» Provided data
● ● ●

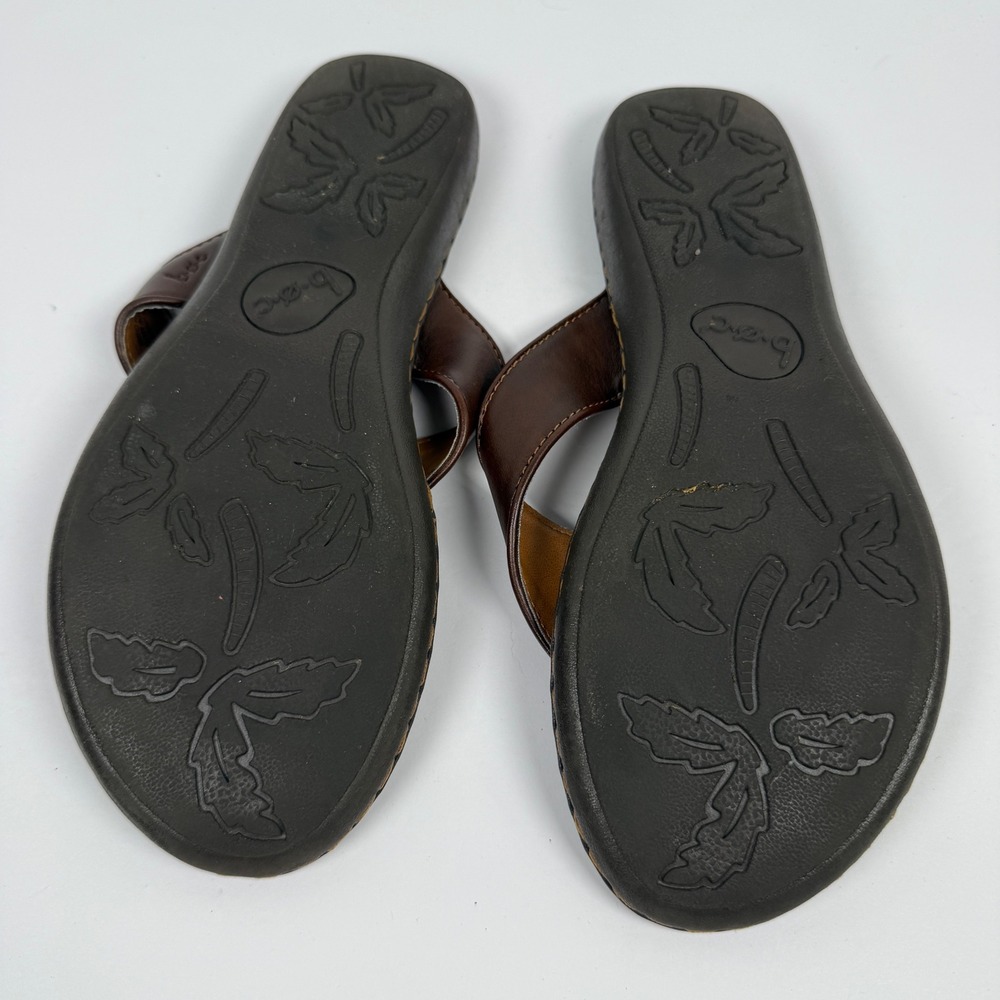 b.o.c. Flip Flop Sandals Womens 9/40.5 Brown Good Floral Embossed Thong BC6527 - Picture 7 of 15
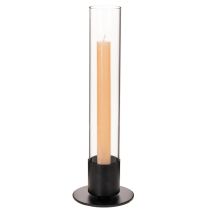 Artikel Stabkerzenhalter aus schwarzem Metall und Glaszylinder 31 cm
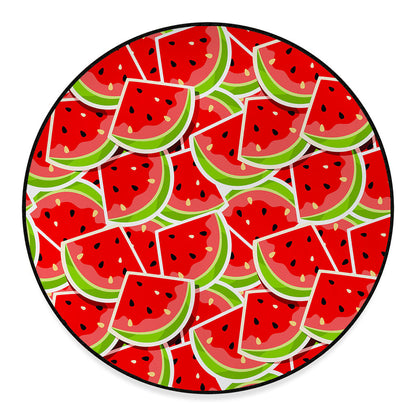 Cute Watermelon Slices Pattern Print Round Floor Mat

● ● ●

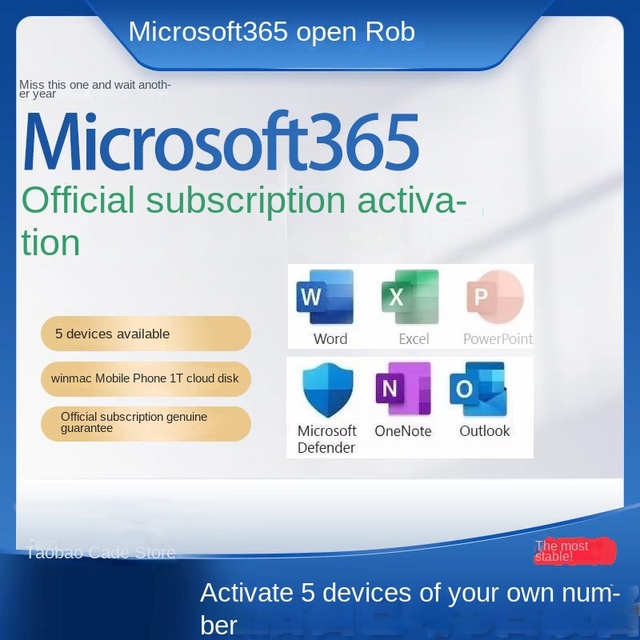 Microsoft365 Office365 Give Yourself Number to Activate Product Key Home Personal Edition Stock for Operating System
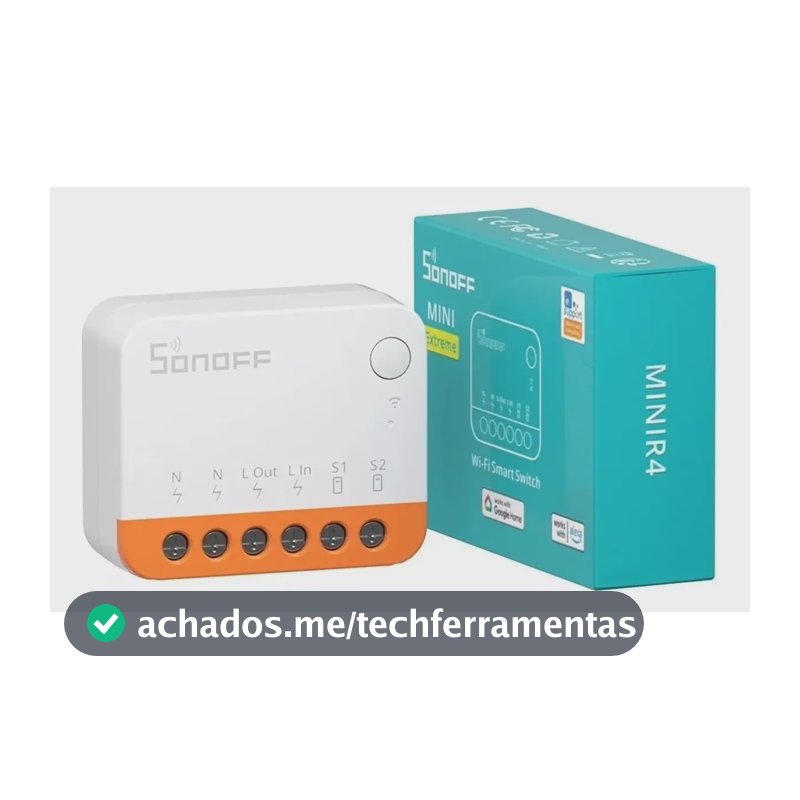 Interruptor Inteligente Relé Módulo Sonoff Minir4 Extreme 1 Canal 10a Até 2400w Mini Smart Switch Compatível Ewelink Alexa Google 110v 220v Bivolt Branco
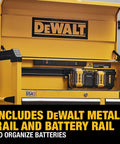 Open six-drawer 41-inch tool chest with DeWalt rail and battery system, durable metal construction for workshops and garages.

● ● ●

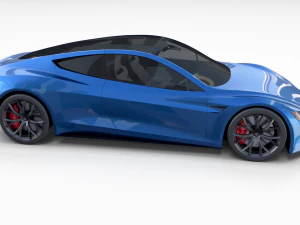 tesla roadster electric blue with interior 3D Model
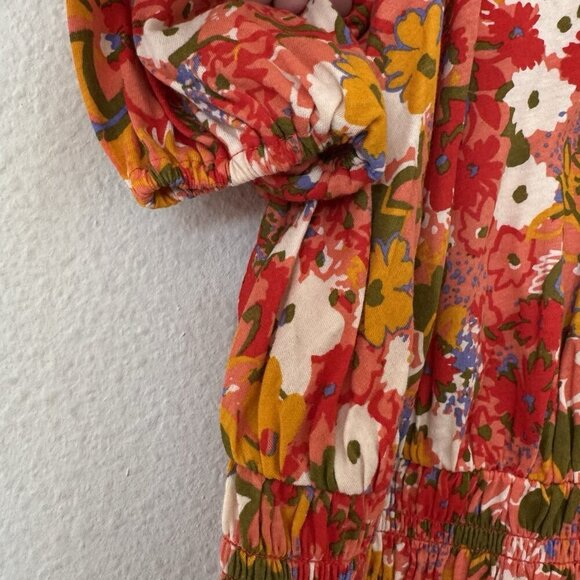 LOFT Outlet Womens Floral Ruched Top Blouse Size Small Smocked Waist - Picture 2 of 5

● ● ●

Using the entries above, transcribe exactly from the line that has "b.o.c. Flip Flop" through the line that has "Cute Watermelon Slices". Pictures are dropped.

 b.o.c. Flip Flop Sandals Womens 9/40.5 Brown Good Floral Embossed Thong BC6527 - Picture 7 of 15
 Artikel Stabkerzenhalter aus schwarzem Metall und Glaszylinder 31 cm
 Cute Watermelon Slices Pattern Print Round Floor Mat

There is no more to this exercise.